Rekam Media

5 Catatan Komnas HAM Soal Buruknya Penyelenggara Pemilu 2019 di Sulsel

JawaPos.com - Komnas HAM RI  menemukan lima catatan penting terkait buruknya penyelenggara Pemilihan Umum (Pemilu) di  Sulswesi Selatan (Sulsel). Sulsel mempunyai tingkat kerawanan tinggi saat Pemilu 2019.

"Sulsel menjadi salah satu daerah yang kami pantau karena masuk dalam daerah yang memiliki indeks kerawanan tertinggi menurut Polri dan Bawaslu RI. Kami memiliki catatan beberapa kasus terkait HAM yang sedang diselidiki dan dipantau," terang Komisoner Komnas HAM RI Beka Ulung Hapsara dalam kunjungannya ke Makassar, Jumat (22/3).

Merujuk dalam peraturan Undang-undang Nomor 39 Tahun 1999 tentang HAM disusul Undang-undang Nomor 40 Tahun 2008 tentang Penghapusan Diskriminasi Ras dan Etnis, Komnas HAM melaksanakan mandat dengan pembentukan tim pemantau jelang pelaksanaan Pemilu 2019. Sepanjang proses penyelidikan, persoalan nyata yang terjadi di Sulsel terdapat pada aspek pemenuhan hak pilih bagi mayoritas masyarakat.

Temuan pertama soal pendataan pemilih. Di Sulsel, terdapat banyak warga yang memenuhi syarat untuk memilih. Namun hak pilihnya terancam ketika diperhadapkan dengan persoalan administratif.

"Misalnya belum memiliki KTP elektronik atau belum merekam. Akibatnya sampai menjelang tahap pemilihan persoalan tersebut belum tuntas. Persoalan itu masih menjadi sorotan utama di setiap pertemuan yang kami lakukan," tutur Beka.

Kedua adalah pengabaian terhadap hak konstitusional Warga Binaan Pemasyarakatan (WBP) di seluruh Lembaga Pemasyarakatan (Lapas) dan Rumah Tahanan (Rutan) yang ada di Sulsel. Catatan Komnas HAM, jumlah WBP di Sulsel mencapai 10.634 orang. Namun hanya 5.961 WBP saja yang namanya masuk dalam Daftar Pemilih Tetap (DPT).

"Contohnya di Rutan Kabupaten Pangkep.
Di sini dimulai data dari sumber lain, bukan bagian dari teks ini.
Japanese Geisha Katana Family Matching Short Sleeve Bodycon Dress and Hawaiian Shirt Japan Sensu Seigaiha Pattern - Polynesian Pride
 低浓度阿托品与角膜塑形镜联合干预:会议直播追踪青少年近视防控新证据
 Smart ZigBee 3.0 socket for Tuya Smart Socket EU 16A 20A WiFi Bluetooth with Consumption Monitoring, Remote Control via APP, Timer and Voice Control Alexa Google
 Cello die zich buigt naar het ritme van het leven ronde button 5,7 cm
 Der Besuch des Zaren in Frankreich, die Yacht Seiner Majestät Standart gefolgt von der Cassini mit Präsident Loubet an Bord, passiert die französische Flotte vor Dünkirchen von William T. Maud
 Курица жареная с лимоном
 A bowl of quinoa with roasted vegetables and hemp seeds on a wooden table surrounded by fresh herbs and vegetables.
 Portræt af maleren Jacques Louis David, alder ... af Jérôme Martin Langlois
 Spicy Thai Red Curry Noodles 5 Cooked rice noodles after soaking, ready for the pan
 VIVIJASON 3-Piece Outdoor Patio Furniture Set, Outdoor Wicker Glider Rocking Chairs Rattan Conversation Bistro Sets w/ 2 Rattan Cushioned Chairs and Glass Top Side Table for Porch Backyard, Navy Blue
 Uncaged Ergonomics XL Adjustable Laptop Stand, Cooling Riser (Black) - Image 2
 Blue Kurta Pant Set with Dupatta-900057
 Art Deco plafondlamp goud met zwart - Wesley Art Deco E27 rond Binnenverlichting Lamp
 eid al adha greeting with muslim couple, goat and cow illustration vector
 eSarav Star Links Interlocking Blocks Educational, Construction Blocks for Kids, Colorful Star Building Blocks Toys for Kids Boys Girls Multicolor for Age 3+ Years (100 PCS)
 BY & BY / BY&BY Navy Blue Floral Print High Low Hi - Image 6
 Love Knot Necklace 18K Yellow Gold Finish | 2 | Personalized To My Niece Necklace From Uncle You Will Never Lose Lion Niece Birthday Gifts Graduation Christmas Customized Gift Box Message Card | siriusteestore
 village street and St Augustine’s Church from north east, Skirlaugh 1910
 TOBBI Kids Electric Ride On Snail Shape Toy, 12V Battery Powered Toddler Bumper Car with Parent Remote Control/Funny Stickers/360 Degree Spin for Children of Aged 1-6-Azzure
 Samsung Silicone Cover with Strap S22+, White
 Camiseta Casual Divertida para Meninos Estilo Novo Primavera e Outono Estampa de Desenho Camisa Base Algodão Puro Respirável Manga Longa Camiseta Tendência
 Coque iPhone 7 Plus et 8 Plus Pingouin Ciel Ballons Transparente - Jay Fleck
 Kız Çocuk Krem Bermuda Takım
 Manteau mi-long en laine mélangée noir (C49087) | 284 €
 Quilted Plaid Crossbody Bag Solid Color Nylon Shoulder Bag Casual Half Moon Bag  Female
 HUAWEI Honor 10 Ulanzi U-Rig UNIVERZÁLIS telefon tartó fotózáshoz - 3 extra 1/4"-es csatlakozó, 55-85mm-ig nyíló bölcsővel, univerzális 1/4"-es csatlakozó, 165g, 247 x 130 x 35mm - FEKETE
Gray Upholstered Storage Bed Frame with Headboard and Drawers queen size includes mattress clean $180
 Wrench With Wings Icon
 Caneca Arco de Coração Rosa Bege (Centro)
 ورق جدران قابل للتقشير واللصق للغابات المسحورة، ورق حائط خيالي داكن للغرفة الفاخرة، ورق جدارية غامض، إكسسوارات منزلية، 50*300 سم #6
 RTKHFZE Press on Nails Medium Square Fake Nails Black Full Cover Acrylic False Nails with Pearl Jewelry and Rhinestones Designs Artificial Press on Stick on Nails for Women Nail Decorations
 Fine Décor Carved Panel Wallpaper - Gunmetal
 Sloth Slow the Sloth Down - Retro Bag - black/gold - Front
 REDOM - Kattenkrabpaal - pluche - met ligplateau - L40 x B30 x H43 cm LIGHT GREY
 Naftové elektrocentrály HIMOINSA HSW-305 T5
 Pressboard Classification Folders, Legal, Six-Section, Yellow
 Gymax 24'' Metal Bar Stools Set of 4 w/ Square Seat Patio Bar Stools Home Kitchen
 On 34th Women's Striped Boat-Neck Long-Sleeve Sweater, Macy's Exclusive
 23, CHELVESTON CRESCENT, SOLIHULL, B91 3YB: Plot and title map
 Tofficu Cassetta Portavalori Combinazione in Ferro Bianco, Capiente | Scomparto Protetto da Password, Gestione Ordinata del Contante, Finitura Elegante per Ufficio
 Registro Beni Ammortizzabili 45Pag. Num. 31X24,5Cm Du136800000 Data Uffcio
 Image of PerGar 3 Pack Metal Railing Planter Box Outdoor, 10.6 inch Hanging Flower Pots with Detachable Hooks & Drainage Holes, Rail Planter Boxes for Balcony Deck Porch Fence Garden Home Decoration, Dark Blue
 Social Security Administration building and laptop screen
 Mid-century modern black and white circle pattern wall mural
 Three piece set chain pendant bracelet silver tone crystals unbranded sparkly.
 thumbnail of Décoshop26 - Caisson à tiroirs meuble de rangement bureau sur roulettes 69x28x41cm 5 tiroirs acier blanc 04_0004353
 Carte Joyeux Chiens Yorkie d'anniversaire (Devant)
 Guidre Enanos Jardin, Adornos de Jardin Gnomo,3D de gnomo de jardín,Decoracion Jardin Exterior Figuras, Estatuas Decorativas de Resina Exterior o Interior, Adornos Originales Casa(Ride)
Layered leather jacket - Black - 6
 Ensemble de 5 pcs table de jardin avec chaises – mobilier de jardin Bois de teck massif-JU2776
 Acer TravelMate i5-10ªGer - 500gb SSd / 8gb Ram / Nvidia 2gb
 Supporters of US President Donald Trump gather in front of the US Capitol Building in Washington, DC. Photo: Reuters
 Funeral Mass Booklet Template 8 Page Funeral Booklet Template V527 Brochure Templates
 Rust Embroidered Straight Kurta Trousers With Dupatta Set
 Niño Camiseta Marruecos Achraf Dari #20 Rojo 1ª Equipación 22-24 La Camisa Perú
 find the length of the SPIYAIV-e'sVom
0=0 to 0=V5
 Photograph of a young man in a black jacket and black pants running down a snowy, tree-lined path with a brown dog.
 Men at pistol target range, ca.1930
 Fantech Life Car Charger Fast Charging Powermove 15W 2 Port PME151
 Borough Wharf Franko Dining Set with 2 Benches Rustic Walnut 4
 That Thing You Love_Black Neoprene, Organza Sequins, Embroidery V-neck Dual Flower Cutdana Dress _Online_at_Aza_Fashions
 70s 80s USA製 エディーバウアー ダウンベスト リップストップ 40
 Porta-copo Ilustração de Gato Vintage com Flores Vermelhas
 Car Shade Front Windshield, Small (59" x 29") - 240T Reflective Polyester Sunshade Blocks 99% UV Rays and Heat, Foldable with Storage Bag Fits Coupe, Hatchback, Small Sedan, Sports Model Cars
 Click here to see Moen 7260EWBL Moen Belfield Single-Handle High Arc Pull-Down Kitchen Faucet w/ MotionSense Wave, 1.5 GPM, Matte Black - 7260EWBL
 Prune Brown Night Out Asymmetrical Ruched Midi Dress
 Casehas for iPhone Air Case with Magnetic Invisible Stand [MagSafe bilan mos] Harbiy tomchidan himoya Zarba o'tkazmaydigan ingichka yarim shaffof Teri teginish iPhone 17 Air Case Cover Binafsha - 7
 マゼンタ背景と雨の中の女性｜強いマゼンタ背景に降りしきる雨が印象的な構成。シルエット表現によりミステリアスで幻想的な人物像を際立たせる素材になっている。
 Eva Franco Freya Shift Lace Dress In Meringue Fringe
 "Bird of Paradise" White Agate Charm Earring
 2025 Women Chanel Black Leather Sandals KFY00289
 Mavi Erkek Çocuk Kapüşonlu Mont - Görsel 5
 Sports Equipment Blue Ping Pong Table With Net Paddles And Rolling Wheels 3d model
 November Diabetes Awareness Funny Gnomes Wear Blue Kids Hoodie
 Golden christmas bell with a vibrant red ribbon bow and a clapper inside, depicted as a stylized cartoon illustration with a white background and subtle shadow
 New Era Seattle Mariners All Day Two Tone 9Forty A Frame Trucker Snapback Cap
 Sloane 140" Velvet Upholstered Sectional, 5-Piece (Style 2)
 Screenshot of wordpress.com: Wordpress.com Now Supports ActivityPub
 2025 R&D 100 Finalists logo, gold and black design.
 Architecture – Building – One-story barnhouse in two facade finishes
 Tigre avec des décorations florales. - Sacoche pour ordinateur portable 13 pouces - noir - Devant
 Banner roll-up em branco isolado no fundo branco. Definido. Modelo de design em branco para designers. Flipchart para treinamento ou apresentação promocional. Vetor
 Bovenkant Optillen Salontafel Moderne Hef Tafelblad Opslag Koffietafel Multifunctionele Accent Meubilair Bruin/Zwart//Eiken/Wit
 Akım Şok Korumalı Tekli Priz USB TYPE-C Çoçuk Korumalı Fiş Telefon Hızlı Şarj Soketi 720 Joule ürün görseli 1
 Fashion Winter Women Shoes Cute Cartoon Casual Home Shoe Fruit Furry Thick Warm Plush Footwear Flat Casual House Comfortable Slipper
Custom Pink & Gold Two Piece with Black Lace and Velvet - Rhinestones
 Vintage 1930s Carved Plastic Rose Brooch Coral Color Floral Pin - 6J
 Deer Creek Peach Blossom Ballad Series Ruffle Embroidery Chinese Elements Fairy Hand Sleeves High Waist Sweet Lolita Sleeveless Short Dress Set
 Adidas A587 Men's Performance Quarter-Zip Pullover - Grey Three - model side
Jumlah WBP sebanyak 383 orang, yang masuk dalam DPTS 207 orang. Namun setelah masuk dalam DPT, hanya tinggal 41 orang saja WBP," ucap Beka.

Ketiga adalah hak masyarakat Adat Kajang di Kabupaten Bulukumba. Sama halnya dengan masyarakat adat lain di Indonesia, masyarakat Adat Kajang tidak mendapatkan akses memilih karena tidak mempunyai e-KTP. Celakanya, KPUD setempat tidak punya jalan keluar menyikapi polemik tersebut. Persoalan mendasar yang ditemukan Komnas HAM adalah penolakan masyarakat adat terhadap foto diri yang mengharuskan mereka melepas ikat kepalanya.

"KPUD tidak melalukan upaya terkait adanya pertentangan syarat foto tanpa ikat kepala dalam pembuatan e-KTP dengan hak masyarakat adat untuk tidak melepas ikat kepala," terangnya.

Keempat, menyoal hak bagi para pemilih disabilitas. Sejauh ini, Komnas HAM tidak menemukan upaya nyata dari penyelenggara pemilu untuk melalukan sosialisasi maksimal terhadap difabel.

"Tidak adanya kampanye dan sosialisasi khusus secara langsung. Bukan hanya organisasi pemerhati. Ratusan pasien Rumah Sakit Kejiwaan Daerah (RSKD) Dadi Makassar di DPT dan akses atau fasilitas memilih belum ramah terhadap hak-hak difabel," ungkapnya.

Terakhir adalah hak masyarakat penyandang kusta. Beka menyatakan, tidak ada jaminan hak pilih dari penyelenggara dalam bersosialisasi. Padahal berangkat dari data Pilgub 2018 lalu, masyarakat kusta adalah pemegang hak suara terbanyak. Jika terus dibiarkan tanpa ditindaklanjuti, kondisi ini memungkinkan politik uang bisa terjadi.

"Bagaimanapun negara, melalui penyelenggara, harus menyediakan hak informasi dan hak mendapatkan pendidikan politik yang setara untuk seluruh warga negara," imbuhnya.